EXERCISE INSTRUCTIONS - Starting at the line containing "Best bangle bracelets" and ending at the line containing "Qi Baishi Inspired", transcribe the listing below exactly. Keep both end lines, skip the pictures, and copy nothing else.

[[ SOURCE MATERIAL, beginning ]]

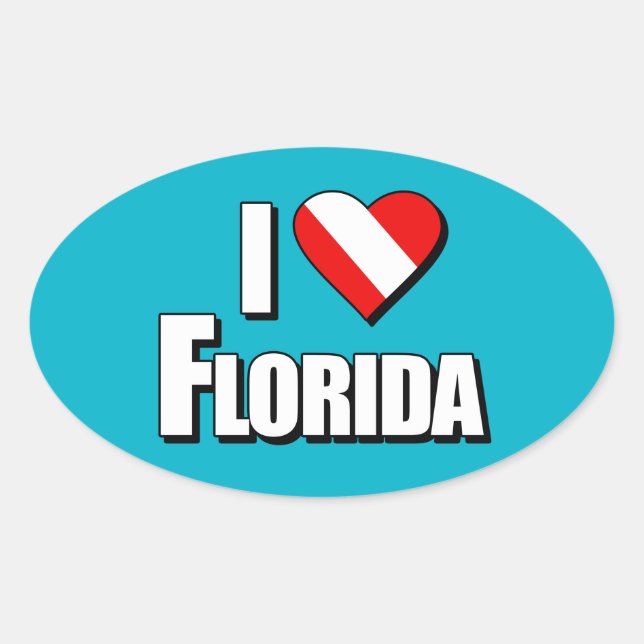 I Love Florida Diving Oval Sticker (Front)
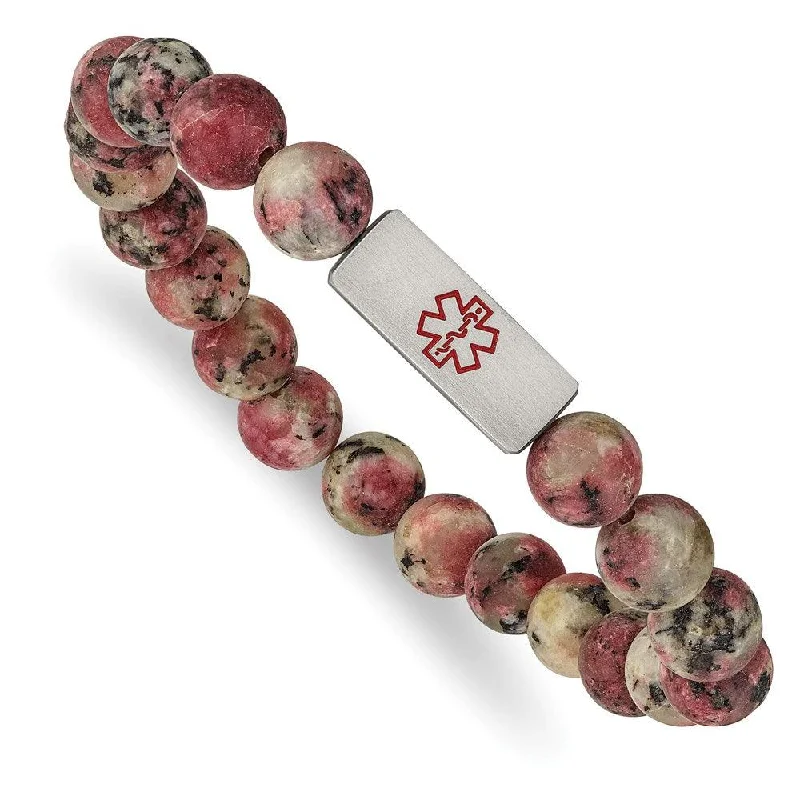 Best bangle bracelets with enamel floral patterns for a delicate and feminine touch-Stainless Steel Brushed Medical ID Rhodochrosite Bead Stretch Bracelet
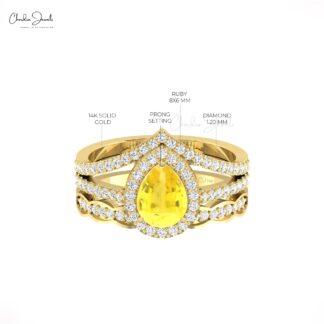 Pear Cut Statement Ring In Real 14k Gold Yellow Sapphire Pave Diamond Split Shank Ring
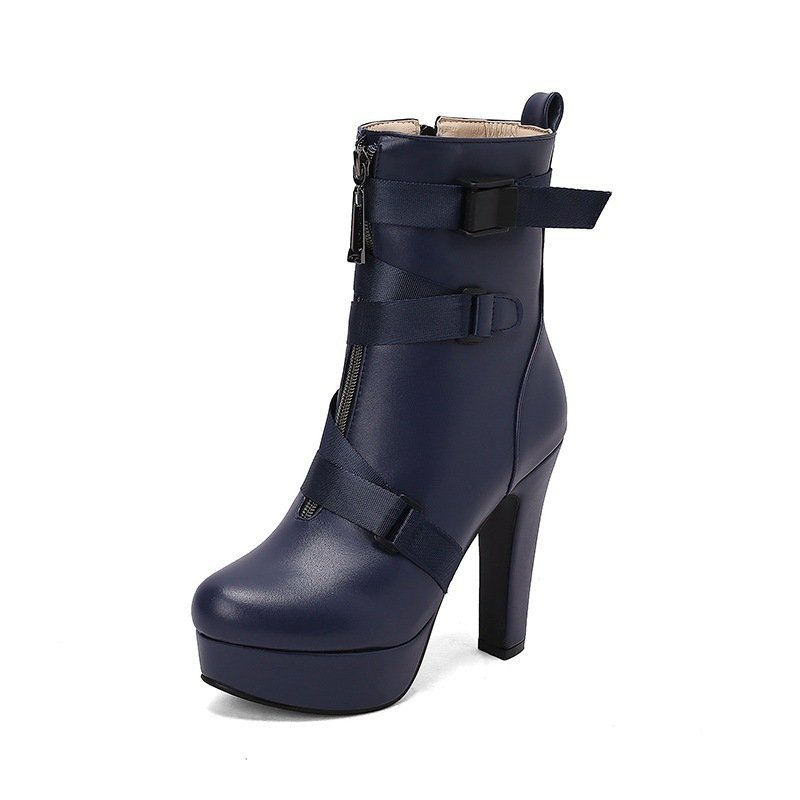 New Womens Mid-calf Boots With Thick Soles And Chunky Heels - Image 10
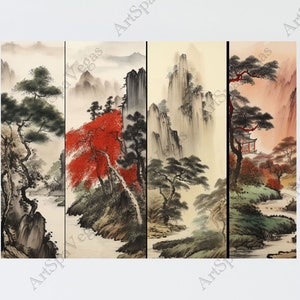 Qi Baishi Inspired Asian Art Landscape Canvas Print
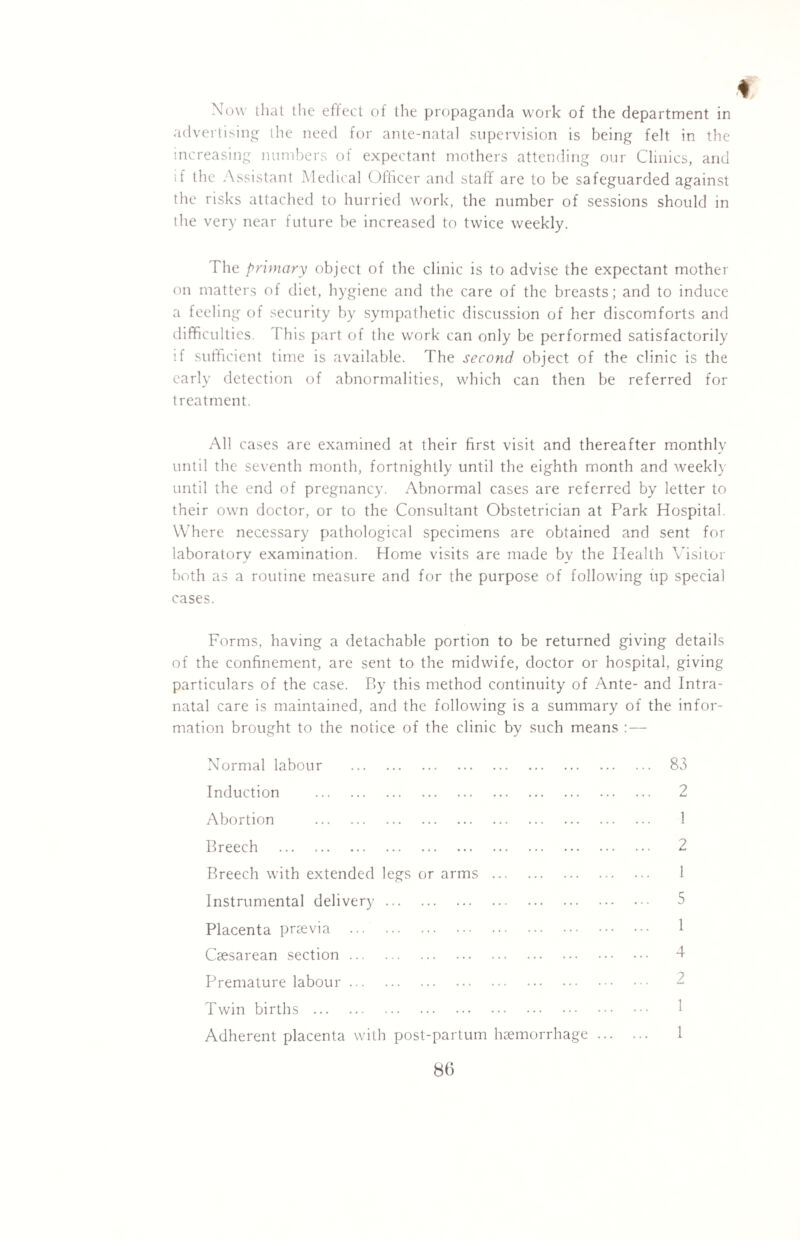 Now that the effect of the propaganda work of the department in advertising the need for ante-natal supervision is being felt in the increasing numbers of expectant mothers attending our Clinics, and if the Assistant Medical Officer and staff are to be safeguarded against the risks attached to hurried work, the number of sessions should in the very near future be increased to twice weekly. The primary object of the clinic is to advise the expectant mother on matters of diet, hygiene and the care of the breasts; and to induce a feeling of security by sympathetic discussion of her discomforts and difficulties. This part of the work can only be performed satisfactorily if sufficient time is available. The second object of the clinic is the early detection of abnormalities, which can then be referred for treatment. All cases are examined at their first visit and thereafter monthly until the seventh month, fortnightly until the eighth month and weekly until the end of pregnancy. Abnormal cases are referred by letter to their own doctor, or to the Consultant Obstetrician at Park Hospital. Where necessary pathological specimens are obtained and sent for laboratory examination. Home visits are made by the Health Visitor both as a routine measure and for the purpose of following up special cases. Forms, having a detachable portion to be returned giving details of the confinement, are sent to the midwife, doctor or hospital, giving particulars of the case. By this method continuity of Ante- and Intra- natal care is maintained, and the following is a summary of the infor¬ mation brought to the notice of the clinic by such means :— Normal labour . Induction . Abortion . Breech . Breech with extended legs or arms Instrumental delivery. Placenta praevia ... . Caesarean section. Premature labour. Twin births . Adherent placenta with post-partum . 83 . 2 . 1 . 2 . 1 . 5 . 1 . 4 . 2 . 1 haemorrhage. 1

[[ SOURCE MATERIAL, end ]]
[[ SOURCE MATERIAL, beginning ]]

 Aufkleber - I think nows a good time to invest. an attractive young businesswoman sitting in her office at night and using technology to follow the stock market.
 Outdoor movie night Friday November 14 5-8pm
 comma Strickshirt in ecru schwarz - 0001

[[ SOURCE MATERIAL, end ]]

YOUR SOLUTION -
 Best bangle bracelets with enamel floral patterns for a delicate and feminine touch-Stainless Steel Brushed Medical ID Rhodochrosite Bead Stretch Bracelet
 Pear Cut Statement Ring In Real 14k Gold Yellow Sapphire Pave Diamond Split Shank Ring
 New Womens Mid-calf Boots With Thick Soles And Chunky Heels - Image 10
 Qi Baishi Inspired Asian Art Landscape Canvas Print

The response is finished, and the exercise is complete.